### About this task
As an exercise, transcribe the data below in full and exactly, omitting pictures.

### Data excerpt

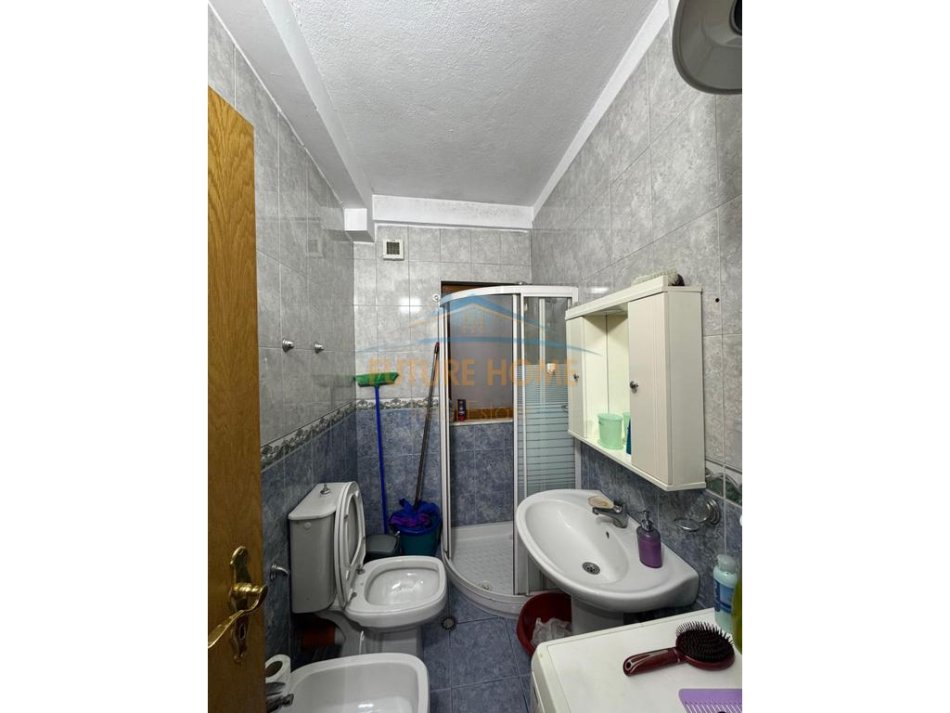 Tirane, shitet apartament 1+1 Kati 2, 54 m² 96.300 € (Rrugen Kongresi i Manastirit)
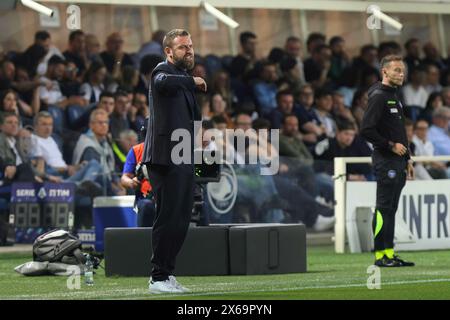 Bergamo, Italien. Mai 2024. Italien, Bergamo, 12. Mai 2024: Daniele de Rossi (ALS Cheftrainer der Roma) gibt Ratschläge in der ersten Halbzeit während des Fußballspiels Atalanta BC vs AS Roma, Tag 36 Serie A Tim 2023-2024 Gewiss StadiumAtalanta BC vs AS Roma, Lega Calcio Serie A 2023/2024 Tag 36 im Gewiss Stadium (Foto: Fabrizio Andrea Bertani/Pacific Press) Credit: Pacific Press Media Production Corp./Alamy Live News Stockfoto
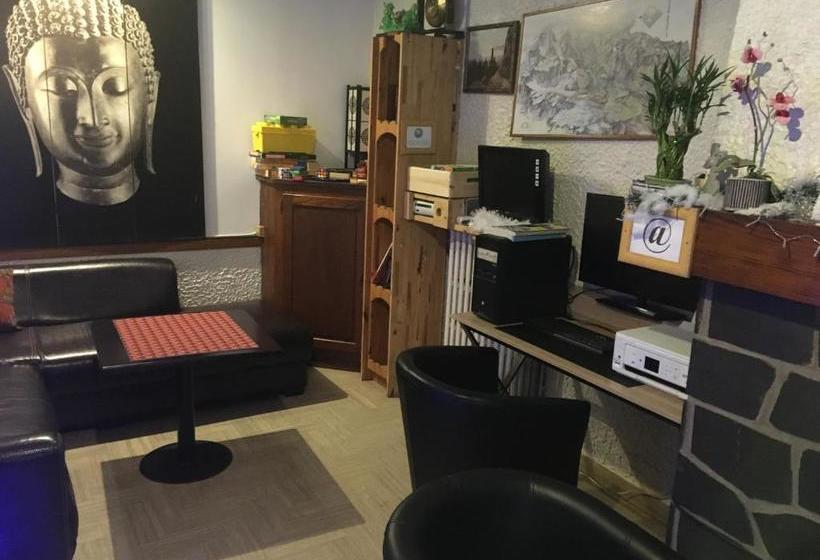 בית מלון כפרי La Chaumiere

### Response below
 Tirane, shitet apartament 1+1 Kati 2, 54 m² 96.300 € (Rrugen Kongresi i Manastirit)
 Bergamo, Italien. Mai 2024. Italien, Bergamo, 12. Mai 2024: Daniele de Rossi (ALS Cheftrainer der Roma) gibt Ratschläge in der ersten Halbzeit während des Fußballspiels Atalanta BC vs AS Roma, Tag 36 Serie A Tim 2023-2024 Gewiss StadiumAtalanta BC vs AS Roma, Lega Calcio Serie A 2023/2024 Tag 36 im Gewiss Stadium (Foto: Fabrizio Andrea Bertani/Pacific Press) Credit: Pacific Press Media Production Corp./Alamy Live News Stockfoto
 בית מלון כפרי La Chaumiere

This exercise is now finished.